Cet ouvrage commence par une série de mises au point sur les attentats du 11 septembre 2001: entre autres que Ben Laden a peu à voir avec les Palestiniens et leur cause "...instrument politique jetable..." (pages 47-54), que les terroristes d'Al-Qaïda n'ont pas grand-chose en commun avec les kamikazes japonais de 1944-45 (pages 28-29), que les Occidentaux ont tort de céder aux atavismes de leur éducation laïque et de regarder Ben Laden comme un nouveau Trotsky enturbanné pourfendeur du capitalisme... (pages 55-62).

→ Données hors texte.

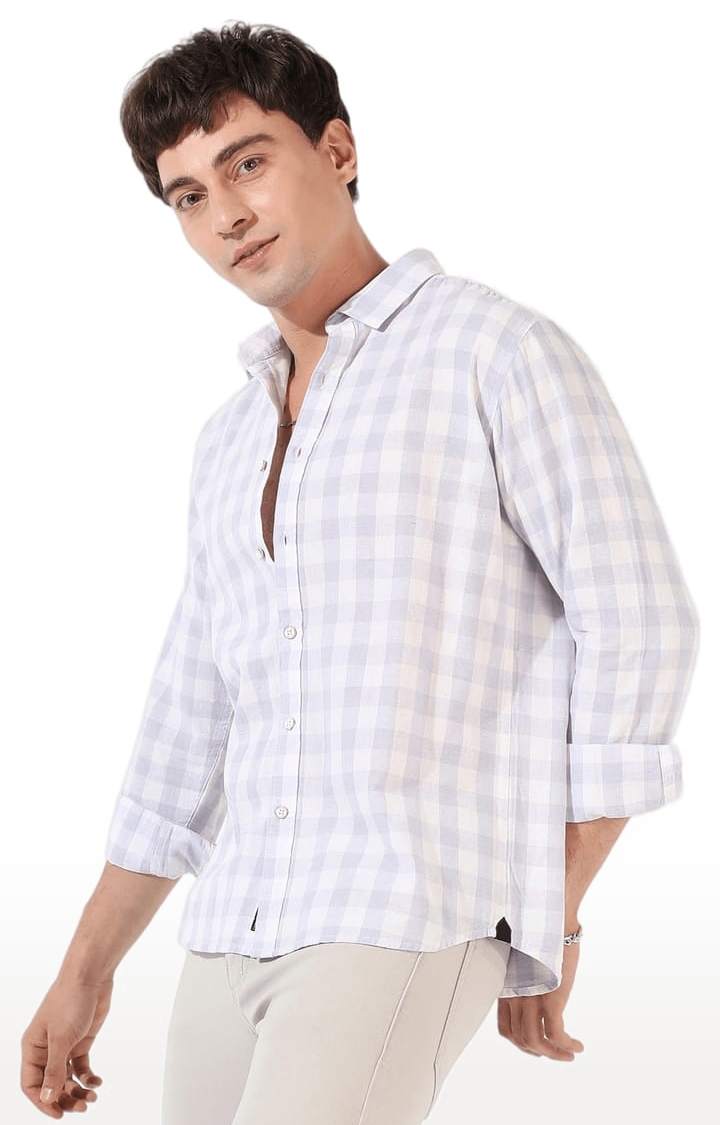 Men's White and Purple Cotton Blend Checkered Casual Shirts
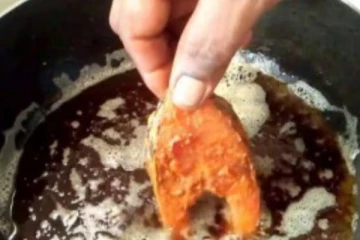 மீன் பொறிக்கும் போது மெழுகுவர்த்தி ஏற்றி வைத்தால் நொடிப்பொழுதில் நடக்கும் அதிசயம்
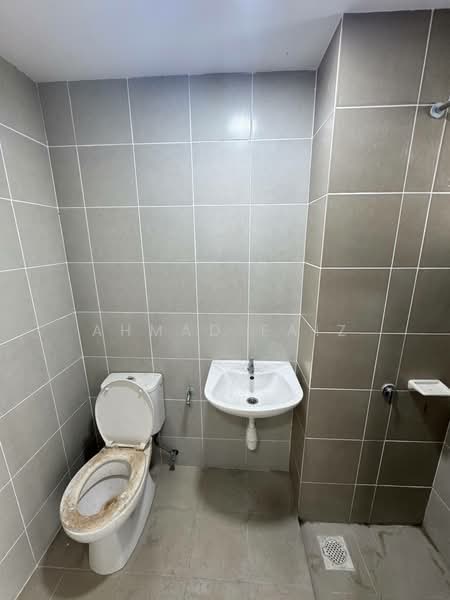 2-storey Terraced House for Rent in Cybersouth (Dengkil) - Ahmad Faiz - Bathroom - PropertyGuru.com.my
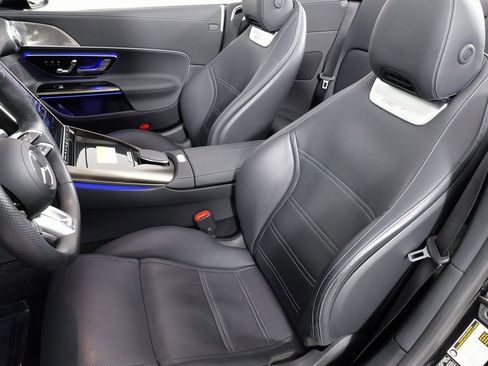 Used 2023 Mercedes-Benz SL 43 AMG image 36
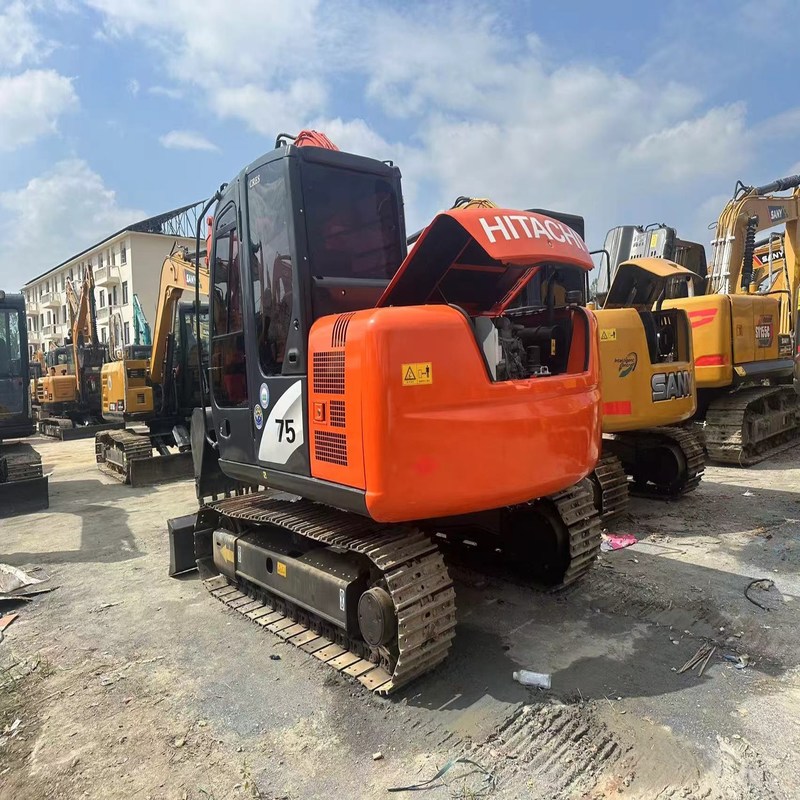 Hitachi ZX75 a utilisé l'excavatrice hydraulique 7 tonnes de taille moyenne 40.3kw avec le seau 0.33m3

La deuxième partie de l'ouvrage de Frédéric Encel est une exposition des soubassements et des conséquences stratégiques des attentats du 11 septembre 2001. L'auteur commence par se demander si l'alliance établie entre les USA et les forces islamiques réactionnaires fut vraiment une erreur stratégique; il en arrive à la conclusion que non (pages 85-89). La seule erreur commise aurait été, selon lui, de ne point isoler Ben Laden de ses soutients financiers à partir du moment où cet homme se révéla hostile aux USA... (On voit par les difficultés que rencontrent ceux qui le combattent aujourd'hui le caractère impraticable d'une telle mesure de sécurité. Autant chercher une aiguille dans une botte de foin. En viendra-t-on un jour à mettre le feu à la botte saoudienne toute entière...?)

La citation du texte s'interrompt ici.